I have heard similar questions relating to the recent BREXIT vote and they’ve intensified since the rand was downgraded to ‘junk’ status. In an attempt to address this growing concern, I have outlined what I believe to be core considerations for growing your business in uncertain times.

1. Controllable versus uncontrollable factors

Business owners tend to worry about what happens in parliament, or the political system, or similar platforms, often forgetting those factors within their business that they can change. These include:

  • Customers’ perceptions of brands and products
  • Products, and adding value
  • Marketing strategies
  • Pricing strategies
  • Cost structure
  • Growth in markets that are untapped or that provide greater ‘certainty’
  • Internal and external stakeholders.

If you want to grow your business, focus on these factors; they are all critical elements to business success.

Related: Expanding At The Speed Of Stress

2. Communicate, communicate, communicate

One of a business owner’s major responsibilities is to ensure that proper communication takes place internally (to staff) and externally (to customers and suppliers).

Internally, ensure that your team buys into and believes in the business plan for the next quarter, and at best, the next year or two.
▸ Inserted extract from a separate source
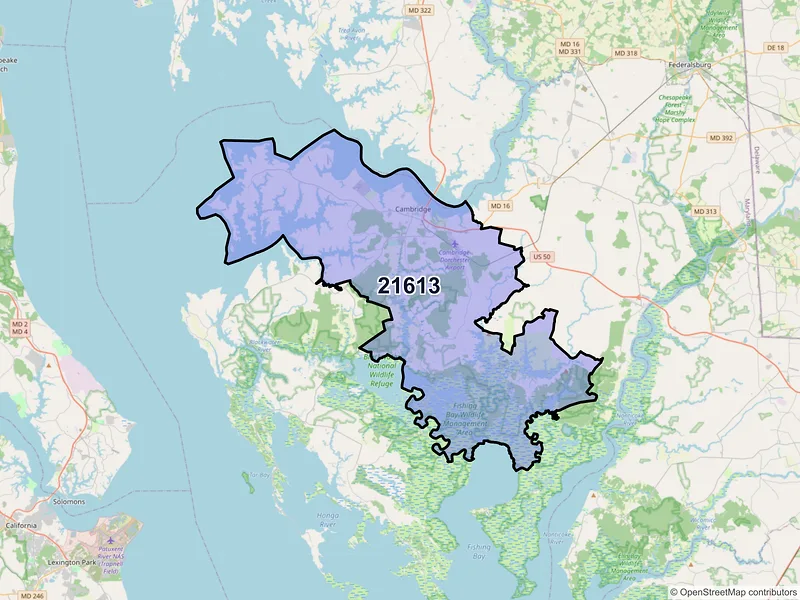 Map of ZIP Code 21613 — Cambridge, MD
Always ensure that every member of your team has the ability to act as a sales person for the business.

Externally, ensure that your suppliers understand where you plan to take the business, in order to align their business with your goals. Make sure that you increase your communication to your customers so that they know your brand, product USP, or promise. Never let your competitors get an opportunity to own your hard-won rapport with your customers.

3. Review cost structures

Check whether your cost structure is flexible enough to handle any swings in the economy. Identify unnecessary costs in your business, while making sufficient provision for marketing costs.

4. Value added products

Now is a good time to review opportunities to add further value to your product. Consider seasonal promotions, such as bundled products, to increase average transaction size.

5. Know your numbers

During uncertain times it becomes more important than ever to know your key financial numbers and other KPIs, in order to make changes quickly. Here are some of the numbers to be considered:

Related: 3 Signs Your Business Is Ready To Expand Internationally

Know your ‘5 Ways Numbers’:

  • Number of leads
  • Conversion rates (= number of customers)
  • Average transaction size
  • Number of transactions over a given period (= revenue)
  • Margins (= profit)

Sales Team KPIs: Sales team performance should be measured daily to ensure a correct balance between ‘lead’ and ‘lag’ indicators in the sales process. This also helps to timeously address underperformance.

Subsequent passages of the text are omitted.